Biometric authentication protocol using your voice.
🚧 Not meant for use in production
The auth flow uses JWT, with the access and refresh token pattern.
On sign up, the user's voice is passed to the canary
model, which extracts the MFCC features from the audio file and trains a Gaussian Mixture Model (GMM) on them.
This model is then linked to the username of the client in a dictionary on the canary
server. Each user has their own Gaussian model that is responsible for recognising their voice.
On sign in, the user's GMM is fetched from the dictionary using their username as the key. The MFCC features of the voice used to sign in are extracted, and passed to the model that then generates a similarity score between its training data and the input data. The score is then tested against a reasonable threshold value, and if the score is less than this threshold, the user is considered authenticated. An access and refresh token pair is then sent to the client.
Upon subsequent requests, the client will sent the access token in the Authorization header of their API requests to the server. If the access token is expired, the client will have to sent a request to the server at the /refresh
route, sending the refresh token in the Authorization header of this request. The server will then validate this refresh token and send a new access token.

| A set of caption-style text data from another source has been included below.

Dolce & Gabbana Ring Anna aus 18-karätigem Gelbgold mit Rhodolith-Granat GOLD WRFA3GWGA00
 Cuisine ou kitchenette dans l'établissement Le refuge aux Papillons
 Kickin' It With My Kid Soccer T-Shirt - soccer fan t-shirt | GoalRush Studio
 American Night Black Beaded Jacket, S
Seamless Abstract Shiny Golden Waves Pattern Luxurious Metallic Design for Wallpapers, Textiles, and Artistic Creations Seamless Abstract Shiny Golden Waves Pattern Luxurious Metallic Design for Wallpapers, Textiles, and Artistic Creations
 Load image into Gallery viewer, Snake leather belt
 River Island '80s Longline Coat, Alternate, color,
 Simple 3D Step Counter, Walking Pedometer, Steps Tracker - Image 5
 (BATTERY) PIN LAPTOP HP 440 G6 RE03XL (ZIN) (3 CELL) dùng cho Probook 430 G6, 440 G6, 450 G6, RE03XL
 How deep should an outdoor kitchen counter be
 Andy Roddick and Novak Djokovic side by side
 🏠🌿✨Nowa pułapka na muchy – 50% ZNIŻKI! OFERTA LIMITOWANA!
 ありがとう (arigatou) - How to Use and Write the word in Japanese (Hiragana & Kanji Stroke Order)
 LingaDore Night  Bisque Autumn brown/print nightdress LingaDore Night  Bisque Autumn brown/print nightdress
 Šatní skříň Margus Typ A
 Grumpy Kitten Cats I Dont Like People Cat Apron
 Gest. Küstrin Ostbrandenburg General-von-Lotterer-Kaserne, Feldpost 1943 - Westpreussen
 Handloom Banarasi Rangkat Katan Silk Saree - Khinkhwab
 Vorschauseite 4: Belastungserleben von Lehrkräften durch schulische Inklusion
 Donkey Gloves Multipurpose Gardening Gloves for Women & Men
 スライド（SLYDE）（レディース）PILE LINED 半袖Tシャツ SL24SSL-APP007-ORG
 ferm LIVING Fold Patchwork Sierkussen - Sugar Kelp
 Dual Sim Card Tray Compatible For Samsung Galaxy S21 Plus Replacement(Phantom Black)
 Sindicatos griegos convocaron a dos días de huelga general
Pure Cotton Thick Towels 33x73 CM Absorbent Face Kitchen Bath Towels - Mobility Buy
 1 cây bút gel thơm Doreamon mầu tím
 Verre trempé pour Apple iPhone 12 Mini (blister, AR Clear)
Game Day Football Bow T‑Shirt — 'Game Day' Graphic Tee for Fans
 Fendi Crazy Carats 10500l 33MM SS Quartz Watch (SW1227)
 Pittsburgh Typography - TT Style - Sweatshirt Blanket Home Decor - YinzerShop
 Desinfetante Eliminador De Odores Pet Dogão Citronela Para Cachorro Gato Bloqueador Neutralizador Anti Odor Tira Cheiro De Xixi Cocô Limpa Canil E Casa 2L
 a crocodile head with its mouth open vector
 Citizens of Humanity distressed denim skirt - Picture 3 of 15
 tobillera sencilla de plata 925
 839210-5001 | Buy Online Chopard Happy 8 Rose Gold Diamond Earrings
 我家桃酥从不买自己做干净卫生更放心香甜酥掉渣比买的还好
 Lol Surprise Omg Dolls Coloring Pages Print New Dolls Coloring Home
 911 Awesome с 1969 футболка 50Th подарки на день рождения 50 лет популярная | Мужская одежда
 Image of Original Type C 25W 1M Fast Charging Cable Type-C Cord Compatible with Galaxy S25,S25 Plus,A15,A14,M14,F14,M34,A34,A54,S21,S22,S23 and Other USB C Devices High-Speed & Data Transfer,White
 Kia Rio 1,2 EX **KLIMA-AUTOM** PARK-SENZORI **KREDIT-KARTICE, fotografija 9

If the refresh token is also expired, then the user is required to log in again to receive a new token pair.
- You'll have to say your passphrase out loud, problematic when in public
- Currently the model is only trained on a single voice sample, using more samples during sign up would yield more accurate results
- Probably will not work accuratley in noisy environments
- Voice data is not currrently encrypted when in transit from client to server
- It's possible to spoof the user's voice or get it close enough (relatively easy these days)